Il attend quelques secondes pour s'assurer qu'il reste à la même place, avant de se remettre en mouvement, lançant toute sa concentration et son énergie dans un dernier sprint...

Et juste au moment où il atteint l'emplacement du lapin, il heurte quelque chose - quelqu'un - d'autre.

Le choc est suffisamment violent pour que lui et la personne qu'il a heurtée soient propulsés en arrière par la force du choc, et Arthur glapit alors qu'il est presque écrasé contre l'un des arbres derrière lui.

Le tronc de l'arbre craque et se fend, mais c'est l'un des plus robustes, et il ne tombe pas complètement. Arthur s'en félicite un instant, car un tel vacarme si près de son territoire aurait sûrement attiré l'attention de ses frères.

Il se remet rapidement sur ses pieds et se retourne pour trouver la personne qu'il a heurtée. Pendant une seconde, il se demande si c'était un animal, mais ça semblait beaucoup trop humain pour être quelque chose comme un cerf.

Lorsqu'il a aperçu l'humain gémissant et se tortillant sur le sol à quelques dizaines de mètres de lui, il a été momentanément choqué - une collision comme celle-ci aurait dû tuer un humain sur le champ.

Cet humain, cependant, n'est même pas inconscient. Son bras est plié d'une drôle de façon, mais il parvient à se relever, et Arthur se fige lorsqu'il remarque deux choses:

La première, c'est que le bras de l'homme, anormalement plié, se remet dans sa position normale en émettant plusieurs craquements grotesques. Arthur n'a peut-être pas été humain depuis cinquante ans, mais il sait que les os ne sont pas censés faire ça.

La deuxième, c'est que l'odeur de quelque chose de terreux qui envahit ses narines n'est décidément pas une odeur qu'il sent normalement sur un humain; cette créature sent plutôt comme un animal en fait.

"Dude." Le non-humain gémit soudainement, prenant Arthur par surprise.

Sorti de son état de choc, Arthur se crispe. Il est sur le point d'exiger des réponses quand l'odeur du sang le frappe - la peau du bras de la créature a été perforée par un os cassé.

Il est loin d'avoir faim ou d'être assez désespéré pour être réellement tenté, mais il est tellement distrait par l'odeur étrangère et le battement anormalement rapide du cœur de la créature, qu'il ne remarque pas que ses crocs se sont allongés jusqu'à ce qu'il entende un grognement d'avertissement gronder de la poitrine de la créature.

Arthur cligne des yeux et, bien qu'il sache que c'est lui qui a l'air menaçant, il siffle quand même son propre avertissement.

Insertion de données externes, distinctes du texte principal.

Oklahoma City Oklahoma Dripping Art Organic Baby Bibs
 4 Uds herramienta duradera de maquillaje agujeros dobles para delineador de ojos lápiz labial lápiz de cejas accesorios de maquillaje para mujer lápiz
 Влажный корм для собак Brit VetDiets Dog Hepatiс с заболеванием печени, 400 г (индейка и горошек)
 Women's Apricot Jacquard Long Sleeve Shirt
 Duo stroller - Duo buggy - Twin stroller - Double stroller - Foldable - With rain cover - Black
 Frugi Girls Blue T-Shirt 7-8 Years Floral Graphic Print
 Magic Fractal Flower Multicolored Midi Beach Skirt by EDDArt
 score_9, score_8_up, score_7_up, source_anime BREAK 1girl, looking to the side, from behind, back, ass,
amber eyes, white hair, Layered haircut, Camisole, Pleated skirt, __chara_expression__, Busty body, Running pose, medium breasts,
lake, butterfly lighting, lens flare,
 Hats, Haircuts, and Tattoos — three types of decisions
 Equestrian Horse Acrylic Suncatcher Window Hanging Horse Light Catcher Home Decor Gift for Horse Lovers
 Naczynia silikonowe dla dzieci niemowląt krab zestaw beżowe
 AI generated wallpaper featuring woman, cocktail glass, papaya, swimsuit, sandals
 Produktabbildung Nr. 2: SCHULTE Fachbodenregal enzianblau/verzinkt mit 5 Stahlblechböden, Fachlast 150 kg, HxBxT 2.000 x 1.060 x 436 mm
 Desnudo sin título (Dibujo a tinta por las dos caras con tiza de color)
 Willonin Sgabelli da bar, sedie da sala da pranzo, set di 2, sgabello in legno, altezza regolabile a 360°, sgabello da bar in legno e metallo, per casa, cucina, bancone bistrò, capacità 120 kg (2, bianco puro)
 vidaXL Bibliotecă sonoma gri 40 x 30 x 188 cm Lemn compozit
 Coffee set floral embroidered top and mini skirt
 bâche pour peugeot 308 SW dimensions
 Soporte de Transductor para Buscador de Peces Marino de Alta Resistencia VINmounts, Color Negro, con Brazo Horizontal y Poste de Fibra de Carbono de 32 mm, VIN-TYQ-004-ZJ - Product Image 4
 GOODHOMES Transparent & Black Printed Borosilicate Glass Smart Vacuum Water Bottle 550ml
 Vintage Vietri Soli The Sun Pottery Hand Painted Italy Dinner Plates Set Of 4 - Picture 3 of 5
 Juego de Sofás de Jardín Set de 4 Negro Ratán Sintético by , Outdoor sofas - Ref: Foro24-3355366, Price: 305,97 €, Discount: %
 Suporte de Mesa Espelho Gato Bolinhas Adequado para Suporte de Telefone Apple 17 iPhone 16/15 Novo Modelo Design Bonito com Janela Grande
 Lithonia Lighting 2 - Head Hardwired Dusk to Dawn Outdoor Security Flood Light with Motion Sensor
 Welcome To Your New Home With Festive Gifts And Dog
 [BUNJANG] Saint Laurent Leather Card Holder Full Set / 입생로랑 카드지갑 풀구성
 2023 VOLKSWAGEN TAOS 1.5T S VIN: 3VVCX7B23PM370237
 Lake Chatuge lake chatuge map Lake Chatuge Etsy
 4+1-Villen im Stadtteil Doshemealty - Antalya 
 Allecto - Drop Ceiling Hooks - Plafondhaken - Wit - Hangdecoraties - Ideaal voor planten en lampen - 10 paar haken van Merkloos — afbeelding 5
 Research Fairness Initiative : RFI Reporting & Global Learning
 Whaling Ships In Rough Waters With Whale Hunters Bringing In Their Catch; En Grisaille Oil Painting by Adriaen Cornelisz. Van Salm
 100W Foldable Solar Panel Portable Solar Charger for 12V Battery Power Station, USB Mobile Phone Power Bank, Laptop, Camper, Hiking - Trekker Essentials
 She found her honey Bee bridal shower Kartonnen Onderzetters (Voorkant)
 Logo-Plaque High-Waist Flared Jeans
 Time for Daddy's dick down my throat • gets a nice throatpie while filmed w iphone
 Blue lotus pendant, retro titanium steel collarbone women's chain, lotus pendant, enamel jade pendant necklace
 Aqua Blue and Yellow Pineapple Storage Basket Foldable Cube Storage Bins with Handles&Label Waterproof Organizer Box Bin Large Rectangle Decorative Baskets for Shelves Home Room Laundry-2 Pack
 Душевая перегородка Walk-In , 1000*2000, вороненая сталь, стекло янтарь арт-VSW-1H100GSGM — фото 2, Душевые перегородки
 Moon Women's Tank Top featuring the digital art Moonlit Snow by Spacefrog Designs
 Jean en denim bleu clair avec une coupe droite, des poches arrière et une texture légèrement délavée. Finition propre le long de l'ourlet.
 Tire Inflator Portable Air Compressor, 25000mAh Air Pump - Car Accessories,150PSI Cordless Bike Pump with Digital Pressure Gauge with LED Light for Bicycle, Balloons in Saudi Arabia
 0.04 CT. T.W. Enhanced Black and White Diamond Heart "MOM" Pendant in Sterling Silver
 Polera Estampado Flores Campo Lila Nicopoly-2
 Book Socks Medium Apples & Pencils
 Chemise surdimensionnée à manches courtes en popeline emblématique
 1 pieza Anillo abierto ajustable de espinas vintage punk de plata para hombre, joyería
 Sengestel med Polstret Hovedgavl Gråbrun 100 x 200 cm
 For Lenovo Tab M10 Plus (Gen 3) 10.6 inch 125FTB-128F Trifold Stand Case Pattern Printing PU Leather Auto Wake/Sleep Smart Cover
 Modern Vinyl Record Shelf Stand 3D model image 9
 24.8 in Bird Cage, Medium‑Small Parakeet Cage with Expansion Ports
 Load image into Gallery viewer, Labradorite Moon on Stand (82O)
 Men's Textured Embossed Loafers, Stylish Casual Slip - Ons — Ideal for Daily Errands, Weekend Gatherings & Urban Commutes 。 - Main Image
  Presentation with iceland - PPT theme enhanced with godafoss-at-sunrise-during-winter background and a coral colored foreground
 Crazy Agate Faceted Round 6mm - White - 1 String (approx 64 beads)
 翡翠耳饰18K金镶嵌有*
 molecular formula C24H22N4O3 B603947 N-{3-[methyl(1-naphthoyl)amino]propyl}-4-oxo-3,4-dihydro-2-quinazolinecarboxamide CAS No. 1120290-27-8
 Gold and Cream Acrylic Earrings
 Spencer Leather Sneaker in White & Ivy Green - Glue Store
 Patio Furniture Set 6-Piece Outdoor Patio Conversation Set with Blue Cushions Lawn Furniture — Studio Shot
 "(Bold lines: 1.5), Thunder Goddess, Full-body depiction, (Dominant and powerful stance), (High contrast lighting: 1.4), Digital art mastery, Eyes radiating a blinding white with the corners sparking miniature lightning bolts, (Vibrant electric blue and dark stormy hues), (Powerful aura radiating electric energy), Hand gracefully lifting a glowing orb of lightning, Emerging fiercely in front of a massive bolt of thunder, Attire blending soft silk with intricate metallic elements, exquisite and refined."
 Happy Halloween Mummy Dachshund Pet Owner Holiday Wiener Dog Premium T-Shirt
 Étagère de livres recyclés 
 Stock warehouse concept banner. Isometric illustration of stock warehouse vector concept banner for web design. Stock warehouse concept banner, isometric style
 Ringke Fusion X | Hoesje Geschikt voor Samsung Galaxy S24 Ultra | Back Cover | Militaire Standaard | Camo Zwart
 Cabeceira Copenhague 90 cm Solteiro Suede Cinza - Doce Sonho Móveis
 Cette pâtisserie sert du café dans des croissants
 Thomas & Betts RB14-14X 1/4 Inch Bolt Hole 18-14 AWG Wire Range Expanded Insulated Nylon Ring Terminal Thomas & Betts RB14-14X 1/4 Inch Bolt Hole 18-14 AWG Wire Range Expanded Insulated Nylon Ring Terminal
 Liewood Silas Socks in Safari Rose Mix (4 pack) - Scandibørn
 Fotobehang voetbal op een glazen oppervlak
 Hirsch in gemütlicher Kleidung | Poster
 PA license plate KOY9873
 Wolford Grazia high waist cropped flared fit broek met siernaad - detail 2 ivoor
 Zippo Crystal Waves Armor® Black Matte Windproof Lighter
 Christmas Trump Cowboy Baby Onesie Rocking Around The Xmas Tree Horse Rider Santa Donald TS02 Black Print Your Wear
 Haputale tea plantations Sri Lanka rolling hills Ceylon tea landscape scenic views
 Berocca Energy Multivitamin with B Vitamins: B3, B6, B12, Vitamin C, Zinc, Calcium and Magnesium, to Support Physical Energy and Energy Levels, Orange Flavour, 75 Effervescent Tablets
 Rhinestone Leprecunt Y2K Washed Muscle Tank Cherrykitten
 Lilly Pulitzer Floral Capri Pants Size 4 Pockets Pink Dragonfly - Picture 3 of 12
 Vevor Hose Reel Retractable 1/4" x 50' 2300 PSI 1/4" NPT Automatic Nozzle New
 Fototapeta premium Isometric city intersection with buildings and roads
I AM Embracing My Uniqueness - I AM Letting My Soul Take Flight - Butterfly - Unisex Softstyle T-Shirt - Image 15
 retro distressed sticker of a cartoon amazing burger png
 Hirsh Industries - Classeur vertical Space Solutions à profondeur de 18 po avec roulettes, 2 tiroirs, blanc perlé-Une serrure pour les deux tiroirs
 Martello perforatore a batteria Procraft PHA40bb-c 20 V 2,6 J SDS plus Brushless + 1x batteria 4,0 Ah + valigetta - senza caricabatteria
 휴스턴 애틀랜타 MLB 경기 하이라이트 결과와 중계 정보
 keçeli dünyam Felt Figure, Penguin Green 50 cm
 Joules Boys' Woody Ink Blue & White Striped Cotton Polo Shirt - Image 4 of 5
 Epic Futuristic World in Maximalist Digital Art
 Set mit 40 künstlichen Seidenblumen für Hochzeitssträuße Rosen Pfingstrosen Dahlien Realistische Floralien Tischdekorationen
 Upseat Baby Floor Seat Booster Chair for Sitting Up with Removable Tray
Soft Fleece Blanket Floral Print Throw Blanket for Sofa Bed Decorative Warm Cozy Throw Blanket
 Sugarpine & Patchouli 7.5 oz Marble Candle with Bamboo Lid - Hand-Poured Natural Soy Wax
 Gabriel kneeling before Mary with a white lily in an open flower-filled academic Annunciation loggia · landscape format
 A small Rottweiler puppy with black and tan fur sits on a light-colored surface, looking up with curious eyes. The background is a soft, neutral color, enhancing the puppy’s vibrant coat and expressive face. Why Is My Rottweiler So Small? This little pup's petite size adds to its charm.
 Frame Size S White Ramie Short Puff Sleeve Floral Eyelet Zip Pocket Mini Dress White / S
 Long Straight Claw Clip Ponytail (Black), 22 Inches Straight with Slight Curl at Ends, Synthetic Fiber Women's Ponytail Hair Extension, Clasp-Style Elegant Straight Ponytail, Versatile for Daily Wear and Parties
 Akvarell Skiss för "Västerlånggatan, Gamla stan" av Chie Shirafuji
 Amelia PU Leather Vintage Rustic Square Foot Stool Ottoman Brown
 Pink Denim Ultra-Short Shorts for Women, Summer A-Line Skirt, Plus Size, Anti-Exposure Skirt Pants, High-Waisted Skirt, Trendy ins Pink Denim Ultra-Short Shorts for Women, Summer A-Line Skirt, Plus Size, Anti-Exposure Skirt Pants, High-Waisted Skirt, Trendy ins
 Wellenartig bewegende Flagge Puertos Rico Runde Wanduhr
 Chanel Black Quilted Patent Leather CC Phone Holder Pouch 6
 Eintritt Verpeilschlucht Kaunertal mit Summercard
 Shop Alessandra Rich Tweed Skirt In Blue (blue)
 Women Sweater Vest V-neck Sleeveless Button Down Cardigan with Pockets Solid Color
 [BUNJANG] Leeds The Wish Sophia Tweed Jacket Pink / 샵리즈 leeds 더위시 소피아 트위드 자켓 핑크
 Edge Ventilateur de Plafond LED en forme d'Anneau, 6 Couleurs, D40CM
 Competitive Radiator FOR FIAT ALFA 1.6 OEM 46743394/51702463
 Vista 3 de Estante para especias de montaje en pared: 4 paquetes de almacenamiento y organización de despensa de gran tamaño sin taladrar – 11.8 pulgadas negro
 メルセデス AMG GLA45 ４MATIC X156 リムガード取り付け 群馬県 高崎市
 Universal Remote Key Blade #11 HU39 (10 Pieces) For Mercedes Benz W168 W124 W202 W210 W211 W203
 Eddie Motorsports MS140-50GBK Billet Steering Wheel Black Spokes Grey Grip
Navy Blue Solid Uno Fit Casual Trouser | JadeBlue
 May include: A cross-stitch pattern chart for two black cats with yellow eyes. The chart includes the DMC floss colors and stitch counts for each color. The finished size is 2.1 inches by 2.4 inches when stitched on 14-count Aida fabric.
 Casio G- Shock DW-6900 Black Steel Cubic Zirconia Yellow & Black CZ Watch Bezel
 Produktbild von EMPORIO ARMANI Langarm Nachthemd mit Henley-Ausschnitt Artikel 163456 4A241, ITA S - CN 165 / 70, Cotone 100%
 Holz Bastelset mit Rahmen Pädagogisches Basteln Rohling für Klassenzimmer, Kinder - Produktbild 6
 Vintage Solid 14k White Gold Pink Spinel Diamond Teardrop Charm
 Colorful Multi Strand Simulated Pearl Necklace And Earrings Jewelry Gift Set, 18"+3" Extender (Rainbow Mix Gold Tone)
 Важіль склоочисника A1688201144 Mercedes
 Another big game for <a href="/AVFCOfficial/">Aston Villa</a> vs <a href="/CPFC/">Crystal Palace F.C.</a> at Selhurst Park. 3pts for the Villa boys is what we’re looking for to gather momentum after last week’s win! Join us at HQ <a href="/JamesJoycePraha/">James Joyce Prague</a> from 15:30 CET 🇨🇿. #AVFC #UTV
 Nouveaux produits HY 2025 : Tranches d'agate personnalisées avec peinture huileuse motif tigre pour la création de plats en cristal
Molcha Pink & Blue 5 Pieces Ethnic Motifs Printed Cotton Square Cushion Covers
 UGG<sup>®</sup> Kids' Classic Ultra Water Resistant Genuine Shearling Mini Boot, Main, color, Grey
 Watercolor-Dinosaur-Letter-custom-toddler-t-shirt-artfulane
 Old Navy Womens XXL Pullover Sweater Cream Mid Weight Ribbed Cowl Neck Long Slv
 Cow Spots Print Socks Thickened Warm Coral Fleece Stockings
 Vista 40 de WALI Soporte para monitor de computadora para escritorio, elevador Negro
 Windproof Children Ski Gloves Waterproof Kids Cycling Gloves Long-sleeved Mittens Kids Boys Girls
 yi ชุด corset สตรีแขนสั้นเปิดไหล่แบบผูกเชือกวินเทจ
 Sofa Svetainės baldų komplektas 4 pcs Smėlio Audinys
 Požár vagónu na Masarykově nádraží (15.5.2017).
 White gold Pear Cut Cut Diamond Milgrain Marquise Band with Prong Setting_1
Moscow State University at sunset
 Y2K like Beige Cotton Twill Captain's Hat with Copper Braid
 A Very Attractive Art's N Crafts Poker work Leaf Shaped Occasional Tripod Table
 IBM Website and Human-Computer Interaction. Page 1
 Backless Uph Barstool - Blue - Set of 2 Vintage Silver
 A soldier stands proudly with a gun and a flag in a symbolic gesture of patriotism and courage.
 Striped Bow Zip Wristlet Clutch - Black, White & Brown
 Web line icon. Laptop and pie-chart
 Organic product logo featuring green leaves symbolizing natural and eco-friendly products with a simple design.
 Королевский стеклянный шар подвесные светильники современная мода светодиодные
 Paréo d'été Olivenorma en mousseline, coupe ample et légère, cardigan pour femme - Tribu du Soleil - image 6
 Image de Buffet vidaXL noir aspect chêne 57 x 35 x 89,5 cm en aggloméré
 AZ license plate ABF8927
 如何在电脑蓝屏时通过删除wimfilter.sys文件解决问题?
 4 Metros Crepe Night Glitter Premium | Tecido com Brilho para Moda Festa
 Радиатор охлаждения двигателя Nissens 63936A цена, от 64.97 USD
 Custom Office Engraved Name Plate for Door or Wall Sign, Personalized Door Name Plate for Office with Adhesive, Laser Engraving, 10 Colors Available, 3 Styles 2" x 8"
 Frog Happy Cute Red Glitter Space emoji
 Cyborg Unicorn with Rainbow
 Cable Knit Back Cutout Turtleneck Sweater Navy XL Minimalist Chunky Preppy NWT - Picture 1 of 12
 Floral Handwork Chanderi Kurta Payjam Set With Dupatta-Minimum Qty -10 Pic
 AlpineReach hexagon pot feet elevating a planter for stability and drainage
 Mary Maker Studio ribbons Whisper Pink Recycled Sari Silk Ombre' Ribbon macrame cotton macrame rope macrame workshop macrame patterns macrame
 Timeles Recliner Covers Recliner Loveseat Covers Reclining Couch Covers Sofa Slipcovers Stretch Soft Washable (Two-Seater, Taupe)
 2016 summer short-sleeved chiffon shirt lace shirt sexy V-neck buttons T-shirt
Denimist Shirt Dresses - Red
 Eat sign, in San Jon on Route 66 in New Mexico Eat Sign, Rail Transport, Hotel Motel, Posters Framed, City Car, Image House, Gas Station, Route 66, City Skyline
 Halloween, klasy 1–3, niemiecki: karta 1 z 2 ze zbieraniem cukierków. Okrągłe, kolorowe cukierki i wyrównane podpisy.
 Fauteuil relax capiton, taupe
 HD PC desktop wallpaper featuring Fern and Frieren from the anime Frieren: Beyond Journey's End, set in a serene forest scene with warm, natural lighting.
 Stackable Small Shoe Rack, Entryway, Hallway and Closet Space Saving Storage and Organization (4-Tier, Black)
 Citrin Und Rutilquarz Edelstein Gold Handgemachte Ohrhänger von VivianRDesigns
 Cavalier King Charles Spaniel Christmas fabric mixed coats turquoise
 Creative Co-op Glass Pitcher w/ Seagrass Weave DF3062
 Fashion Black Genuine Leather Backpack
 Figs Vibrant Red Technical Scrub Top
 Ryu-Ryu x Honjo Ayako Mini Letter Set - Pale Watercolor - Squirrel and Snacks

Le grognement s'arrête brusquement et la créature secoue son bras comme pour se débarrasser d'une douleur. Il est redevenu normal maintenant, la peau est raccommodée et ne porte aucune trace de perforation, à l'exception d'une légère tache de sang.

"Dude, relaxe!" La créature s'exclame en levant les mains et en lui montrant ses paumes dans une tentative de paraître non menaçante. Puis son expression s'illumine, comme s'il venait de réaliser quelque chose, et il rit. "Haha, relaxe. T'sais, vu que t'es un... vamp."

Presque immédiatement, Arthur fait le rapprochement. L'odeur de terre, la guérison, le grognement et les pieds nus. Sans oublier qu'il s'est aventuré dans les bois à gauche de son propre territoire.

"Et tu es un loup-garou." dit Arthur à haute voix, avec un certain air de dégoût, mais il replie néanmoins ses crocs.

Il n'a jamais rencontré de loup-garou auparavant, mais il connaît la meute qui vit à l'ouest de son propre clan. Il sait aussi qu'ils ne sont pas en conflit entre eux, donc il n'a probablement rien à craindre de ce chiot.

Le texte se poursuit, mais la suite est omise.